This work addresses the challenge of real-time trajectory generation for synthetic aperture radar (SAR) platforms operating over complex 3D terrain, where flight paths must simultaneously ensure high-quality imaging and visibility of multiple targets. The authors propose a three-stage planning framework: first, determining an optimal visitation sequence for target waypoints; second, employing a deep reinforcement learning–trained neural network to predict straight-line flight segments that maximize cumulative target visibility while accounting for 3D terrain occlusions; and third, smoothly connecting these segments into a feasible full trajectory using 3D Dubins curves. This approach represents the first integration of target visibility modeling with 3D terrain constraints, combining deep reinforcement learning with geometric path planning to achieve scalable, robust, and real-time trajectory synthesis without compromising multi-target SAR image quality.

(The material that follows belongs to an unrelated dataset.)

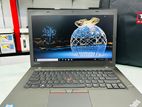 Lenovo ThinkPad T460 Laptop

Generating trajectories for synthetic aperture radar (SAR)-equipped aircraft poses significant challenges due to terrain constraints, and the need for straight-flight segments to ensure high-quality imaging. Related works usually focus on trajectory optimization for predefined straight-flight segments that do not adapt to the target visibility, which depends on the 3D terrain and aircraft orientation. In addition, this assumption does not scale well for the multi-target problem, where multiple straight-flight segments that maximize target visibility must be defined for real-time operations. For this purpose, this paper presents a multi-stage planning system. First, the waypoint sequencing to visit all the targets is estimated. Second, straight-flight segments maximizing target visibility according to the 3D terrain are predicted using a novel neural network trained with deep reinforcement learning. Finally, the segments are connected to create a trajectory via optimization that imposes 3D Dubins curves. Evaluations demonstrate the robustness of the system for SAR missions since it ensures high-quality multi-target SAR image acquisition aware of 3D terrain and target visibility, and real-time performance.